Metadata-Version: 2.4
Name: blindlog
Version: 1.1.0
Summary: Deterministic privacy-preserving logger for Python.
Project-URL: Repository, https://github.com/A-P-Shukla/Blind-Log
Project-URL: Bug Tracker, https://github.com/A-P-Shukla/Blind-Log/issues
Requires-Python: >=3.9
Description-Content-Type: text/markdown
License-File: LICENSE
Provides-Extra: fastapi
Requires-Dist: fastapi; extra == "fastapi"
Requires-Dist: starlette; extra == "fastapi"
Dynamic: license-file

# BlindLog v1.1

[![GitHub](https://img.shields.io/badge/GitHub-Repository-181717.svg?style=for-the-badge&logo=github)](https://github.com/A-P-Shukla/Blind-Log)

BlindLog is a **zero-dependency, production-ready Privacy-Preserving Observability SDK** for Python.

It solves the fundamental conflict in backend engineering: The developer needs to see everything to fix bugs, but compliance constraints (GDPR/HIPAA/SOC2) dictate that you cannot see anything personal. 
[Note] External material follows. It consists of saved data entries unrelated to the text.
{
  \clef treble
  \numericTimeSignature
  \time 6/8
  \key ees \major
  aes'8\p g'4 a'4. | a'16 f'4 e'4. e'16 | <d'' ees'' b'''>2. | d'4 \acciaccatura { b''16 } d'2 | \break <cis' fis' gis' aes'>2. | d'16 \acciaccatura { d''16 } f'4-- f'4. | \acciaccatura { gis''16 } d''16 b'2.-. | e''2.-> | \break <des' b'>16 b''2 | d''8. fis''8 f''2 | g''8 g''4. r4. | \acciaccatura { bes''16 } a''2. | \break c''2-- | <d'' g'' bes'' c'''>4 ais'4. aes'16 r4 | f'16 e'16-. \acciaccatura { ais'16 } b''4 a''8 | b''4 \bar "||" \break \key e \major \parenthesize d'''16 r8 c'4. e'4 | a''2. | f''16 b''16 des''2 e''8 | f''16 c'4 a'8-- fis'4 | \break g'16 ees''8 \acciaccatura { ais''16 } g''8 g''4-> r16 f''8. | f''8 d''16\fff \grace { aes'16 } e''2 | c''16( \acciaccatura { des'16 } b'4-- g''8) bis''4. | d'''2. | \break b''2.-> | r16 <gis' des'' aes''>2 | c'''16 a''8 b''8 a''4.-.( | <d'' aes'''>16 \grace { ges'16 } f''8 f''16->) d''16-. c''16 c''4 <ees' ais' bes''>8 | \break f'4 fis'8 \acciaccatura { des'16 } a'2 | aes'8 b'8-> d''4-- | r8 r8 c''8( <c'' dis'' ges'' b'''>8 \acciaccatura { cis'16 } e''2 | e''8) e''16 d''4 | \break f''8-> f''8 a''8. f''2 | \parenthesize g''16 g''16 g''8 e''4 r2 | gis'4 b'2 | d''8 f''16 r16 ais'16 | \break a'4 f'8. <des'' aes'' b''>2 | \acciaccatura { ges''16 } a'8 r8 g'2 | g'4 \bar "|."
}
By replacing raw Personal Identifiable Information (PII) with consistent, structure-preserving deterministic hashes, developers retain perfect system observability without leaking actual identities into application logs.

---

## 💡 The "Why": Why Use BlindLog?

### The Problem with Redaction
Legacy redaction tools look for emails or credit cards and replace them with static text like `*****` or `[REDACTED]`. The fatal flaw here is **context destruction**. If your logs show `[REDACTED] failed to purchase order [REDACTED]`, you cannot trace a specific user's journey through your microservices when every trace of their identity maps to the exact same generic string.

### The BlindLog Solution: Deterministic Pseudonymization
BlindLog uses natively-keyed **BLAKE2b cryptography** to consistently map data:
- `user1@gmail.com` **always** logs as `blnd_ref_8ax92bfac000...@masked.com`.
- `user2@gmail.com` **always** logs as `blnd_ref_1c89f81ba000...@masked.com`.

You instantly know if the *same* user triggered 50 errors across 4 microservices over a week, while remaining legally compliant because the raw identity is cryptographically destroyed.

---

## 🚀 Installation

BlindLog has zero external dependencies and runs natively on Python 3.8+.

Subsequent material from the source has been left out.